Jede Rolle im Stück steht für eine gesellschaftliche Gruppe: Melanie ist dank ihrer Wokeness eine engagierte Kämpferin für die Rechte von Minderheiten, der Vorsitzende Herbert ein selbstverliebter Machtmensch, sein Vize Matthias neigt zu rechtspopulistischen Sprüchen, will aber eigentlich nur über Patriotismus sprechen, Melanies Ehemann Torsten ist ein cooler Hipster mit Hang zum Zynismus und Erol, der Migrant der zweiten Generation, beschwert sich über eine zu lasche Migrationspolitik. Doch sie alle zeigen im Laufe des Stückes auch andere Seiten und wirken einmal mehr, einmal weniger sympathisch. Die Trennlinie zwischen rechten und linken, zwischen moralischen und unmoralischen Positionen geht ja nicht nur durch die Wählerschaft oder durch die Gesellschaft, sie geht auch durch die einzelnen Personen selbst durch.
So entwickelt sich das Stück im Laufe des Abends zu einer Grundsatzdiskussion, bei der verschiedene Weltanschauungen aufeinanderprallen und am Ende jedes Wort, das nur irgendwie falsch verstanden werden kann, vom Gegenüber auch falsch verstanden wird. Ob der vollkommen zerstrittene Tennisclub am Ende je wieder zusammenfinden kann, bliebt dabei offen.
„Diskutieren, sich zuhören und das alles mit dem Willen, sich nicht zu zerlegen, sondern zu sagen, wir können uns trotz aller Gegensätze noch in die Augen sehen. Und wir können auch bei einer kontroversiellen Diskussion noch Freunde bleiben“, das wäre für die Autoren ein möglicher Lösungsansatz. Davon sind die Akteure des Stückes leider meilenweit entfernt.
DIE AUTOREN
Die beiden Autoren Dietmar Jakobs und Moritz Netenjakob gehören zu den besten im Bereich der satirischen Gesellschaftsanalyse in Deutschland.
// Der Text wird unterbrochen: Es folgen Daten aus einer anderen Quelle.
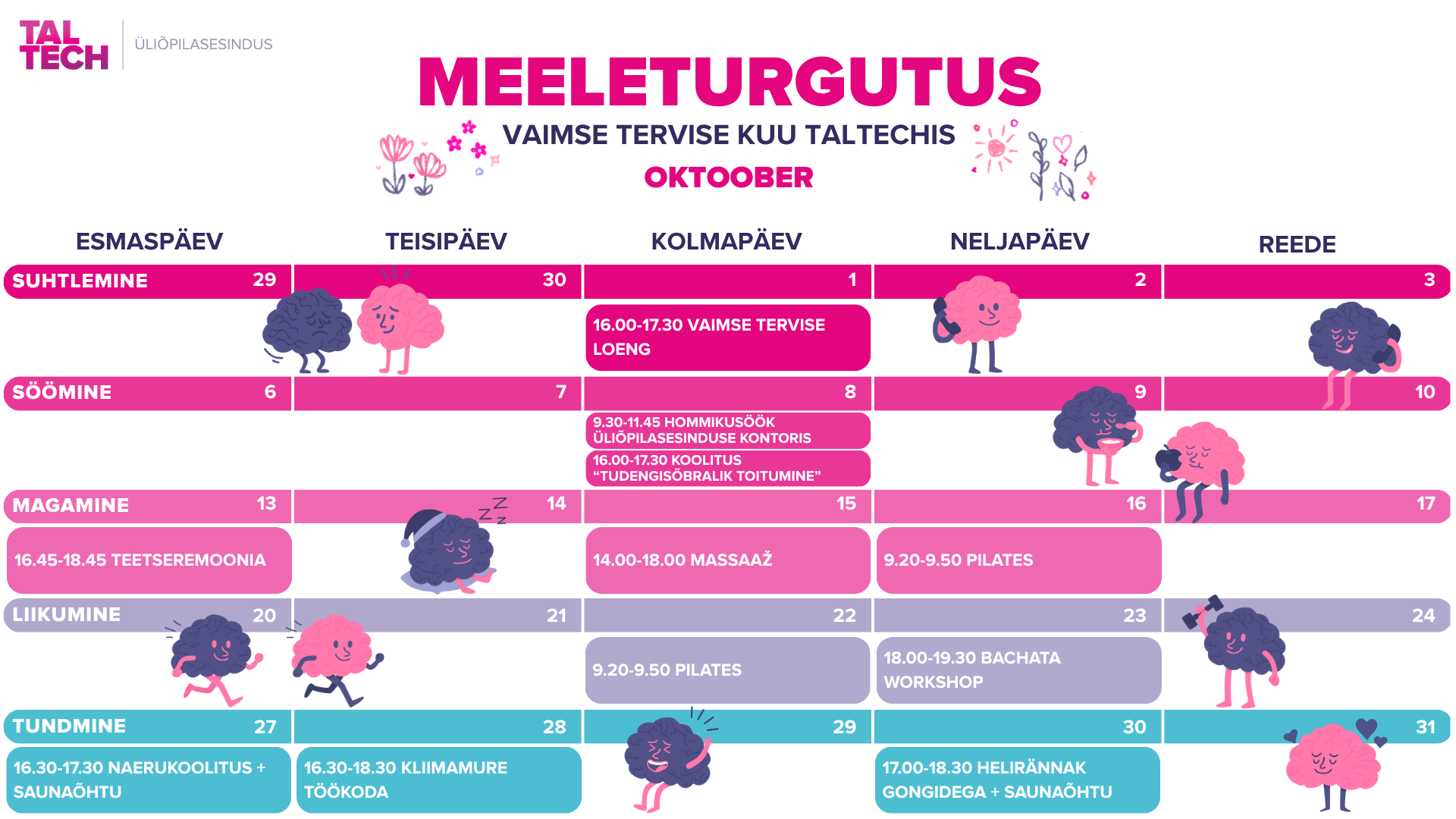 Meeleturgutus: vaimse tervise kuu kalender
Dietmar Jakobs war als Drehbuchautor an so erfolgreichen Serien wie „Stromberg“, „Pastewka“ oder „Mord mit Aussicht“ beteiligt. Dazu schreibt er regelmäßig für die Satire-Sendungen Extra 3 (ARD), heute show (ZDF) und Mitternachtsspitzen (WDR). 2006 erhielt er für seine Mitarbeit bei „Stromberg“ den Adolf-Grimme-Preis in der Kategorie „Serien und Mehrteiler“.
Moritz Netenjakob ist ebenfalls als Autor u. a. für „Die Wochenshow“ und für „Ladykracher“ tätig. Neben erfolgreichen Drehbüchern veröffentlichte er im Februar 2009 im Verlag Kiepenheuer & Witsch seinen Romanerstling „Macho Man“, der es auf die SPIEGEL-Bestsellerliste schaffte. Für die Verfilmung 2015 schrieb er selbst das Drehbuch. 2006 erhielt er für seine Mitarbeit an den Stromberg-Drehbüchern ebenfalls den Adolf-Grimme-Preis.
Zusammen mit Dietmar Jacobs schrieb Netenjakob 2019 die Komödie „Extrawurst“ sowie 2021 das Musical „Himmel und Kölle“.